Just Because You’re Paranoid Doesn’t Mean They Aren’t Out to Get You
Imagine being so paranoid that you burn your underwear rather than risk death by lethal chemicals slipped into your laundry by would-be assassins. This is the life of megalomaniacal Cuban dictator Fidel Castro, according to a former aide now living in Miami.
In an interview with the Miami Herald, Delfin Fernandez discussed some of Castro’s habits. He said Castro has his used underwear burned rather than laundered, because he fears chemicals could be put in wash water to assassinate him.

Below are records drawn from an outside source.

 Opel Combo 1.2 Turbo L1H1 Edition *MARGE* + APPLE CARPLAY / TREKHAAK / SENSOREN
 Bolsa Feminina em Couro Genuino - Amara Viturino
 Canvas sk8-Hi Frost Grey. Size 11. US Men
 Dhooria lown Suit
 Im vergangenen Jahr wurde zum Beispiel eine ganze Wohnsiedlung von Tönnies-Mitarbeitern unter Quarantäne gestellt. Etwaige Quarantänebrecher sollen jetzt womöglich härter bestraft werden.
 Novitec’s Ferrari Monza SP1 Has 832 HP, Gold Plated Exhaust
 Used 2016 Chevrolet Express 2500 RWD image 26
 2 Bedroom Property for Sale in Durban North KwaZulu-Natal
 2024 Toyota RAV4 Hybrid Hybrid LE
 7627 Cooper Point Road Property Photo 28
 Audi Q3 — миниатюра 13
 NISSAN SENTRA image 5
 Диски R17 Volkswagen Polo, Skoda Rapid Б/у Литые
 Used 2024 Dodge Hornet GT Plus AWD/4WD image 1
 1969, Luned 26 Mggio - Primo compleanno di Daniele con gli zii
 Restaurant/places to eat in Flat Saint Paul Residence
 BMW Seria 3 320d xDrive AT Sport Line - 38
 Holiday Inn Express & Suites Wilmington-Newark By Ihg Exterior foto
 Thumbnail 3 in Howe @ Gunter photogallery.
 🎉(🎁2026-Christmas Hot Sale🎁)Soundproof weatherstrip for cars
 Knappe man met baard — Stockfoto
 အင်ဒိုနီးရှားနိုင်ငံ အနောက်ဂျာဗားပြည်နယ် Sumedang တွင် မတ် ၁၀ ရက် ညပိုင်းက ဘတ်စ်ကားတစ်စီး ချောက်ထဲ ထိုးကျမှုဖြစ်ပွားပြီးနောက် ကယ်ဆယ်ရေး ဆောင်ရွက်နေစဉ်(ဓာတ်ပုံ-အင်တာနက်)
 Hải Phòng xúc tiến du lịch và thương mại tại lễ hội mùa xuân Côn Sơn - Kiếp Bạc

Of course, most Cubans would take out Castro if they had a chance. Why wouldn’t they? They live in such bondage that even the privileged, such as the celebrated Cuban national baseball team, want out. But apparentnly Castro thinks his inner circle hates him too. There is an old Twilight Zone episode that addresses this very scenario, complete with Peter Falk playing a Castro look-alike. The victorious “revolutionary”, having just succeeded in his coup, begins to see would-be assassins in the mirror, including some of his co-conspirators whom he envisions taking aim at him with machine guns and slipping poison into his drinks. But even Rod Serling couldn’t concoct anything as ridiculous as murder by laundry detergent.
P.S. A question for America’s far-left neo-fascist apologists for Tío Fidel: If things are so idyllic in the Caribbean’s communist utopia, why doesn’t anyone risk life, limb, and family by sailing homemade rafts through shark-infested waters to get to Cuba? And more importantly, why aren’t you living there? We won’t miss you. Trust me on this one.